**What this task involves:**
Restrict the output to the lines below starting at the one that contains "Diamond Accent Wings" and ending at the one that contains "グレーグリーンクラシックQRコード2枚フォト セーブザデート", and restate them word for word, both ends included.

**Provided data:**

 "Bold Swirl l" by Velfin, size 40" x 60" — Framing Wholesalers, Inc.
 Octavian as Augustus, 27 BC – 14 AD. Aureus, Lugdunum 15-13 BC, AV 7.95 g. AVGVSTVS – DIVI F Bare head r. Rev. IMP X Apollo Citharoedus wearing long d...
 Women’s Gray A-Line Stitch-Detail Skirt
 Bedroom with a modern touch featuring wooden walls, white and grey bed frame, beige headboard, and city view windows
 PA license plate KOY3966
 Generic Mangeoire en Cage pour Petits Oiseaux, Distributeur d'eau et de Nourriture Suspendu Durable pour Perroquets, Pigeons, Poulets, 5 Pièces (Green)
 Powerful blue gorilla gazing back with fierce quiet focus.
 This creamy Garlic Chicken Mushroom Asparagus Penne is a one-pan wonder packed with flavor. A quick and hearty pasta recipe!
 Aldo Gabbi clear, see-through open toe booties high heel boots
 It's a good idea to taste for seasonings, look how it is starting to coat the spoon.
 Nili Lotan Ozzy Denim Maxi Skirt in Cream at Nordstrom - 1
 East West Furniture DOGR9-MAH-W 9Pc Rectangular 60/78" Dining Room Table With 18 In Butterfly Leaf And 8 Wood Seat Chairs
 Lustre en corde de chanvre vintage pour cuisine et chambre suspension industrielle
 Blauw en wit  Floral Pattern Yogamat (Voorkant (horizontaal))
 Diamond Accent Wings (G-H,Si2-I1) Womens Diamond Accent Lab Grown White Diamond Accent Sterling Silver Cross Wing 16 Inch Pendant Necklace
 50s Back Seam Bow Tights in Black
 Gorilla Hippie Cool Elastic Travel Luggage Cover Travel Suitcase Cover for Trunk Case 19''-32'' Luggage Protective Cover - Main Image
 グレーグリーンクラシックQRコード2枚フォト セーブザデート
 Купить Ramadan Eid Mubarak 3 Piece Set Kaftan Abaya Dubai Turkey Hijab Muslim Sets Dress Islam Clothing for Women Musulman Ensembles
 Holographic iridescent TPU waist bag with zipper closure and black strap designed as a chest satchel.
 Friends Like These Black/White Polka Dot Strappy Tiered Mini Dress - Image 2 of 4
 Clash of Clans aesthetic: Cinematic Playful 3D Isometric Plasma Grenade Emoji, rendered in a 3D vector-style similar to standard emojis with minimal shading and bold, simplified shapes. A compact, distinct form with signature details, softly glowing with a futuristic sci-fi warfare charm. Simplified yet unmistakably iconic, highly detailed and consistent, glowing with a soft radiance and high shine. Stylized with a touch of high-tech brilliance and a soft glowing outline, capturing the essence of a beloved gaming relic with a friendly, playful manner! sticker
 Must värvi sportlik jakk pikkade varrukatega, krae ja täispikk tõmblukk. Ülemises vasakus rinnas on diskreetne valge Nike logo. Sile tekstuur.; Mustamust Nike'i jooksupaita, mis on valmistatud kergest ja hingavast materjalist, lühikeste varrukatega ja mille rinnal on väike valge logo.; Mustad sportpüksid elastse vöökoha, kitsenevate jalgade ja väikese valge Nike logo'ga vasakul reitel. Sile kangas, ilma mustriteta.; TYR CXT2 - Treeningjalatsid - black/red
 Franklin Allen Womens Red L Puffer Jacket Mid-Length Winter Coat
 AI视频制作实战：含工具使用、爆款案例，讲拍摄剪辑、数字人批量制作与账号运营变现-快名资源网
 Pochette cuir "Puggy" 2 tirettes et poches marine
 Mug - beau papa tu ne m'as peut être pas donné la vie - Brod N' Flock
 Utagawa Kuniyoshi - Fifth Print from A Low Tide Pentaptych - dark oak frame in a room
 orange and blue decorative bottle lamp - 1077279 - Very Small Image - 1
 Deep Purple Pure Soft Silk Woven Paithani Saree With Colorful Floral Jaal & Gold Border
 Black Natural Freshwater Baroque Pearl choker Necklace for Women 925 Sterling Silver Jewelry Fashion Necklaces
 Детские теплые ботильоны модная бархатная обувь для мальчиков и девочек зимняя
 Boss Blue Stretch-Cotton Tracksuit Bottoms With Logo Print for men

**Answer to the problem:**
 Diamond Accent Wings (G-H,Si2-I1) Womens Diamond Accent Lab Grown White Diamond Accent Sterling Silver Cross Wing 16 Inch Pendant Necklace
 50s Back Seam Bow Tights in Black
 Gorilla Hippie Cool Elastic Travel Luggage Cover Travel Suitcase Cover for Trunk Case 19''-32'' Luggage Protective Cover - Main Image
 グレーグリーンクラシックQRコード2枚フォト セーブザデート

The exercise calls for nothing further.